FIZZY DRINKS MAKE MORE TEENAGERS VIOLENT. In a recent study conducted by a team of researchers in Harvard University and University of Vermont, it was revealed that consumption of soda drinks has a direct effect towards teenagers’ behaviour. Said study is now published in the British Journal.
How drinking soda affect youth’s behaviour
To come up with the result, the researchers, lead by David Hemenway, professor from the Harvard University School of Public Health conducted a survey to determine what factors affect violence among youth. They asked 1,878 high school students aged 14 to 18 from public schools in Boston. They were given questionnaires to find out the aspects that contribute to their violent behaviour with peers and family. The respondents were asked if they used to bring deadly weapons to school, how many times they eat together with their families, and so on.
One of the questions was regarding the consumption rate of students of soda drinks. It was found that students who used to consume fizzy soft drinks have higher tendency to engage in violent acts.
It was further revealed that 29.8% of the respondents have been drinking an average of 5 cans per week of non-diet or sugary soft drinks. According to the researchers, these teenagers who have been used to drinking sodas are likely to engage in binge drinking and smoking. On the other hand, young people who consumed less or did not consume soda drinks at all showed better relationships with their family and peers.
"What we found was that there was a strong relationship between how many soft drinks that these inner-city kids consumed and how violent they were, not only in violence against peers but also violence in dating relationships, against siblings," professor Hemenway said.

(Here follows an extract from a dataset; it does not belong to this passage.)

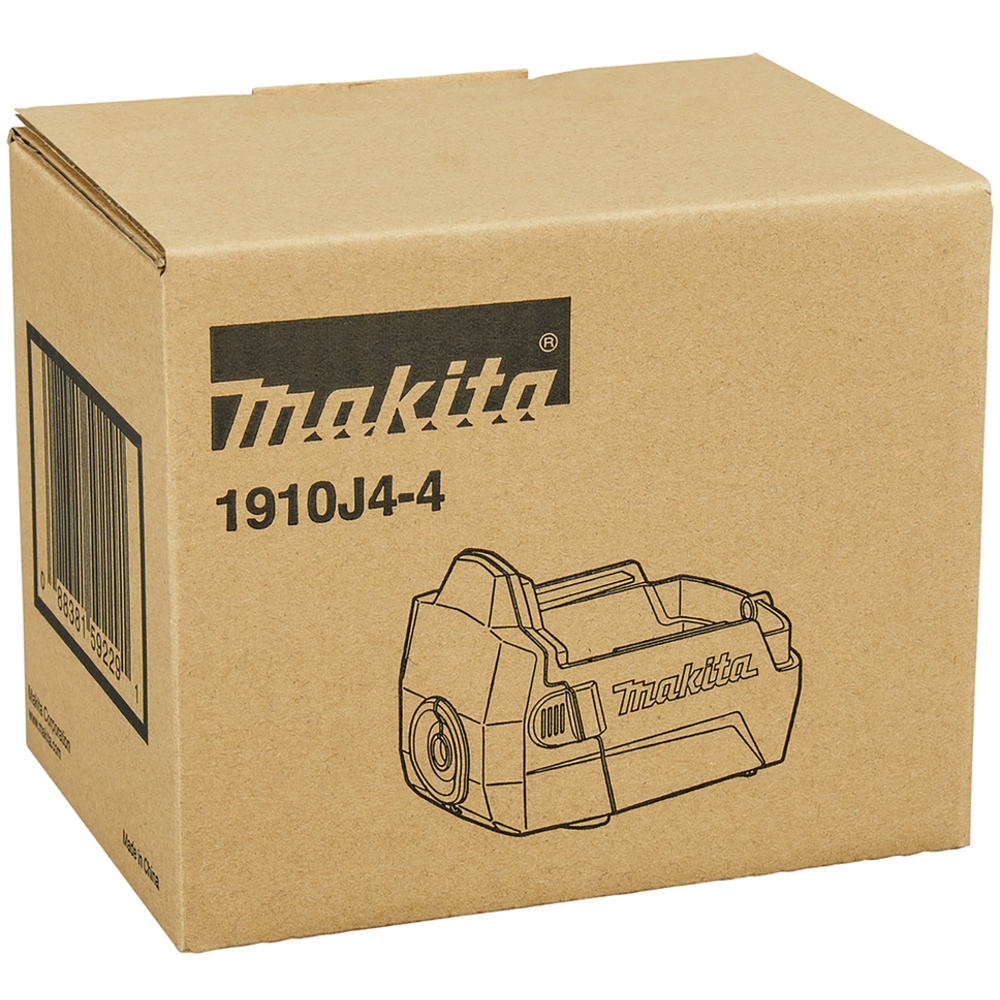 PROTECTION BATTERIE POUR PDC 191N62-4 - MAKITA - 1910J4-4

According to critics, the main limitation of the study is its being cross-sectional. That means, it was not clearly established which occurred first- consumption of fizzy drink or violence. It should also be noted that there are other factors that affect violence among teenagers and there is no scientific explanation yet on how soft drinks make changes in a person’s mind and behaviour. Since the study was solely based on the respondents’ answers, there could also be some inaccuracies as to the results. Even Sara Solnick, co-author of the study and a professor from Vermont University, is sceptical about the real reason why drinking soda makes teenagers more violent. According to her, the sugar that is used to make sodas is widely used in so many food products. She added that there are some other ingredients that soft drinks contain that can be considered as factors in the relationship between soda intake and teen violence.
Sara Solnick added the study was made to find the out the factors that affect violence among youth and not actually intended to gauge the effects of soda to their behaviour. The result actually surprised the researchers.